I've done a lot of dumb things in life, but at least I've never put ketchup on steak. (I have.)


You know when you tap a video to see how long it's got left? I wish you could do that to people while they're talking. (Bilbo)


To save money on a coffin, buy a pen from Amazon and use the box it came in.


I enjoy the Way with Words shown by sports commentators. 
Today: "I like the way he used his eyes to see that ball".


You can't buy bitcoin with bitcoin. You have to buy bitcoin with American dollars. That's the clue that it's a scam.


I once tried to surprise my wife by fixing the leaky sink. By the time I was done, the leak was gone… but now the dishwasher, the washing machine, and the neighbor’s sprinklers were somehow running at the same time. She asked, “Did you fix it?” I said, “Technically yes, but we may need to move.” 


I'm in big trouble if my coworkers find out I don't really have Tourette's.


Parenting Life Hack:
Don't punish your kid by taking their games away; log on to their games and get them banned.


Him1: We're not watching porn tonight, are we?
Him2: She changed the wifi password because I called our kid 'the son of the biggest bitch'.
Him1: You meant the biggest son of a bitch, right?
Him2: I said what I said.


I phoned my Scottish boss this morning and said: "Sorry boss, I won't be able to come in today, I've got a bit of a cough".
He said: "You have a wee cough laddie?"
I said: "Ok cheers boss - see you next week!" 


I am far too old to have only just now figured out that typing a word followed by a ? into google will get the definition. (yep)


Doing crunches twice a day now.
Captain in the morning, Nestle in the afternoon.

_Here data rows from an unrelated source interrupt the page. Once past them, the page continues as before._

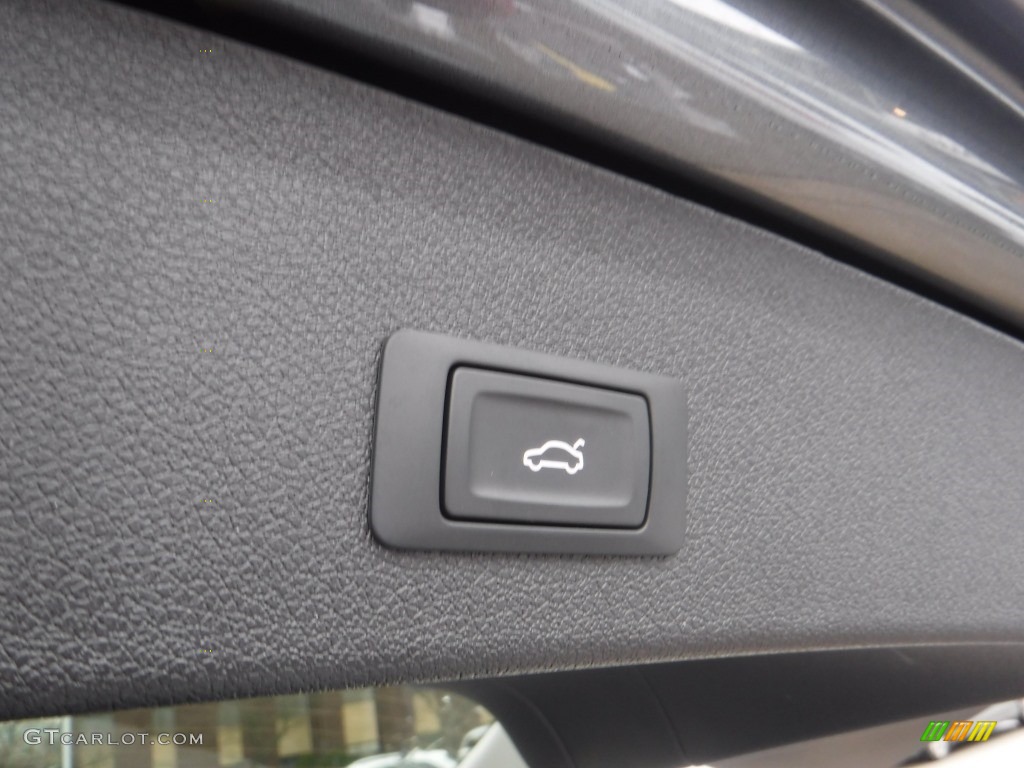 2016 Q5 2.0 TFSI Premium quattro - Monsoon Gray Metallic / Black photo #36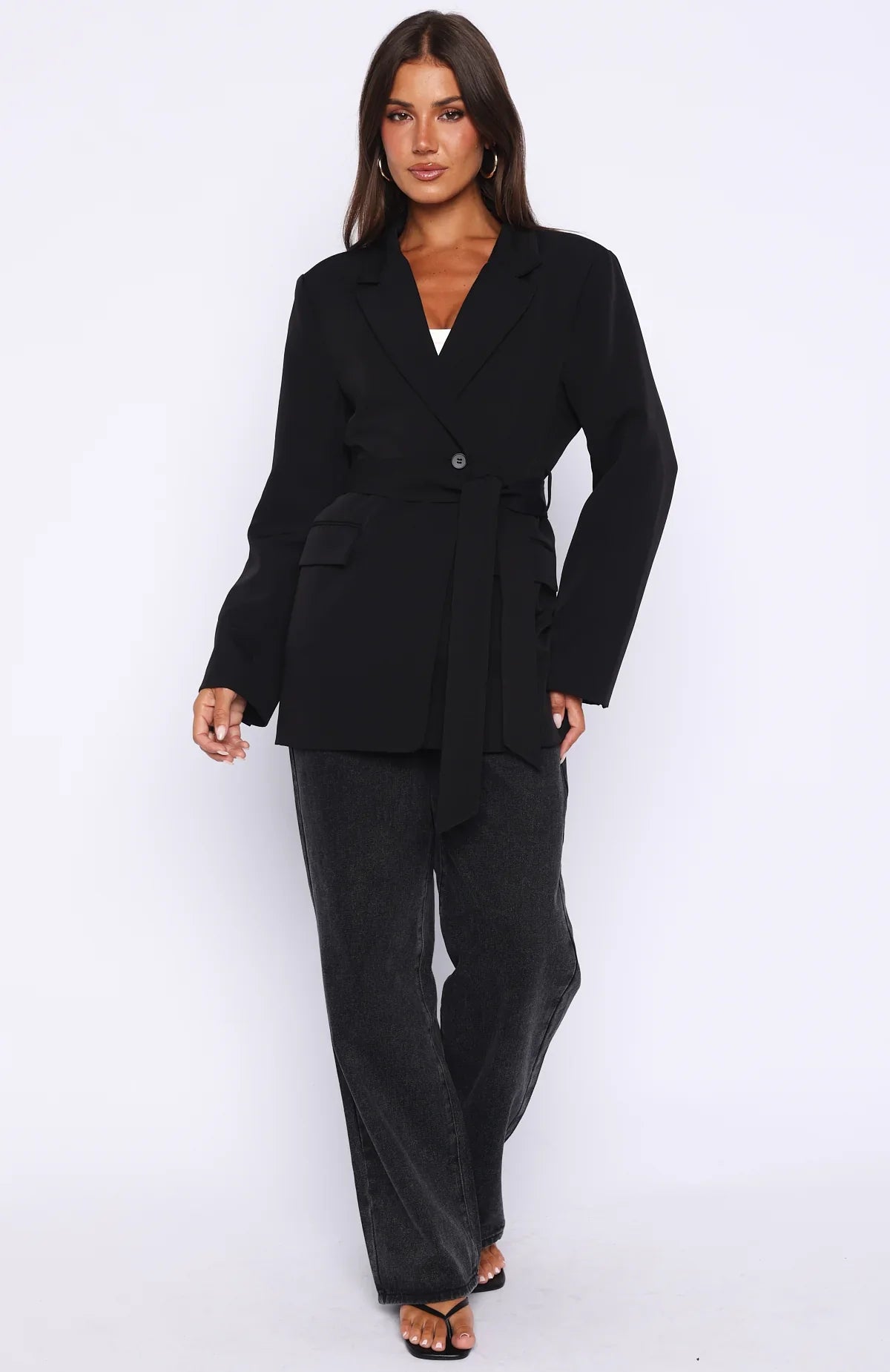 How They Shine Jacket Black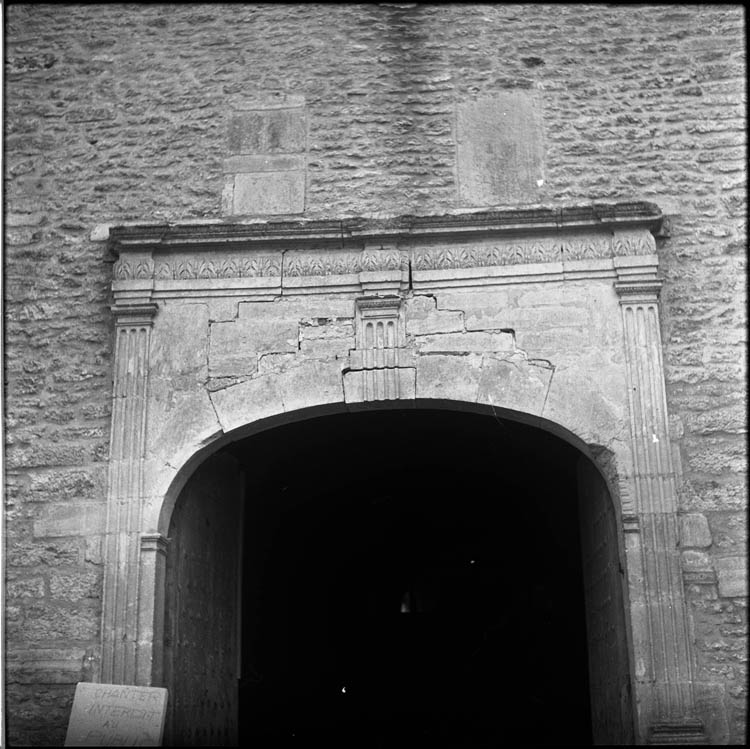 Porte d'entrée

A waitress asked me if I wanna box for my leftovers.
We went three rounds before she knocked me out.


Trump: "Newsom didn't allow water to come from the Pacific NW. I demanded that to be open. If that were, you wouldn't have had the fires because all the sprinklers would've worked in the houses."  
*** It is MINDBLOWING how dumb he really is.


Those who confuse burro and burrow don't know their ass from a hole in the ground.


Bert's Books
A third off selected titles...
The Two Musketeers
Fahrenheit 300.66
13,400 Leagues Under The Sea
Catch 14.5


I typed "I'm unstoppable," but my phone changed it to "I'm unstable." ... Probably more accurate.


I wasn't sure why the doctor prescribed LSD for my constipation, until I saw a dragon and shit myself.


I am old enough that when I go into an antique store, they ask me to stay.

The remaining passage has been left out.